United Steel, Paper and Forestry, Rubber, Manufacturing, Energy, Allied Industrial and Service
Workers International Union
1150 17th Street,
N.W., Washington, D.C. 20036
July 31, 2007
Honorable John Conyers, Jr., Chairman
Honorable Lamar S. Smith, Ranking Member
Committee on the Judiciary
U.S. House of Representatives
Washington, D.C. 20515
Dear Representatives Conyers and Smith:
On behalf of the more than 850,000 members of the United Steelworkers union, I want to share with you concerns that have recently been brought to our attention by some of our domestic manufacturers regarding patent reform legislation that may be considered by the House and Senate in the near future. In its current state, The Patent Reform Act of 2007, H.R. 1908 and S. 1145, could undermine innovation and job creation in America. Two aspects of these bills are particularly problematic for our members, namely the post award-patent review process and the strict guidelines limiting damages to patent holders from illegal infringers that have violated their patents. Additionally, we are concerned with the trade and competitiveness implications of the legislation.
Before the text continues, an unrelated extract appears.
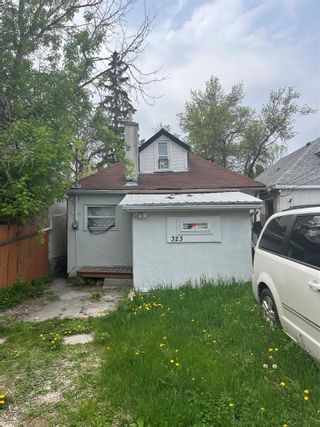 Photo 2: 323 Simcoe Street in Winnipeg: House for sale : MLS®# 202304865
For years, foreign firms have been trying to slow America's innovation engine under the guise of "harmonization" with foreign patent law. The American economy is more innovative than many of our competitors, precisely because it is more difficult to challenge patents here. The intellectual property we create is the lifeblood of our manufacturing sector – indeed, almost 70% of the patents filed in the U.S. come from manufacturing interests. These bills would allow an endless loop of legal challenges after patents are awarded that will make it more difficult for U.S. patent holders to prevail against frivolous challenges – often initiated by our foreign competitors. Companies with deep pockets could prevail against such challenges, but not the small manufacturers, universities and tech start ups upon which our innovation leadership depend.
Secondly, it would be better for U.S. manufacturing if the current system to determine damages for infringing patents remains intact. The U.S. judicial system over time has developed reasonable guidelines based on precedent to protect patents. If this bill were enacted, litigation would increase and patent certainty would decrease.
Finally, there are intellectual property, trade and competitiveness implications of this legislation, particularly as it relates to China. On April 10, 2007, the United States Trade Representative requested consultations with China over its failure to live up to its WTO intellectual property rights commitments. Very little progress is being achieved on these issues and Chinese government officials have accused the U.S. of being confrontational, when we are simply pressing for our rights under the WTO rules. Just as we are urging China to strengthen its intellectual property rights protections via a trade case at the WTO is precisely the wrong time to weaken U.S. patent law. The USTR's efforts to obtain progress from the Chinese will be undermined by downward harmonization of U.S. law.
Strong patents are vital to companies of all sizes committed to manufacturing in the United States. If companies cannot protect their innovation, their intellectual property with strong patents, they will license their technology to others who might be less committed to manufacturing in America. We already have a host of competitive pressures placed on American manufacturers and workers. The last thing that our members need is more incentives for manufacturers to move American jobs overseas. We hope that you will consider our concerns. We stand ready to work with you and interested members of Congress to improve these bills and ensure that the final product balances the needs of the range of U.S. industries as well as encourages a more than 200-year tradition of American ingenuity and innovation.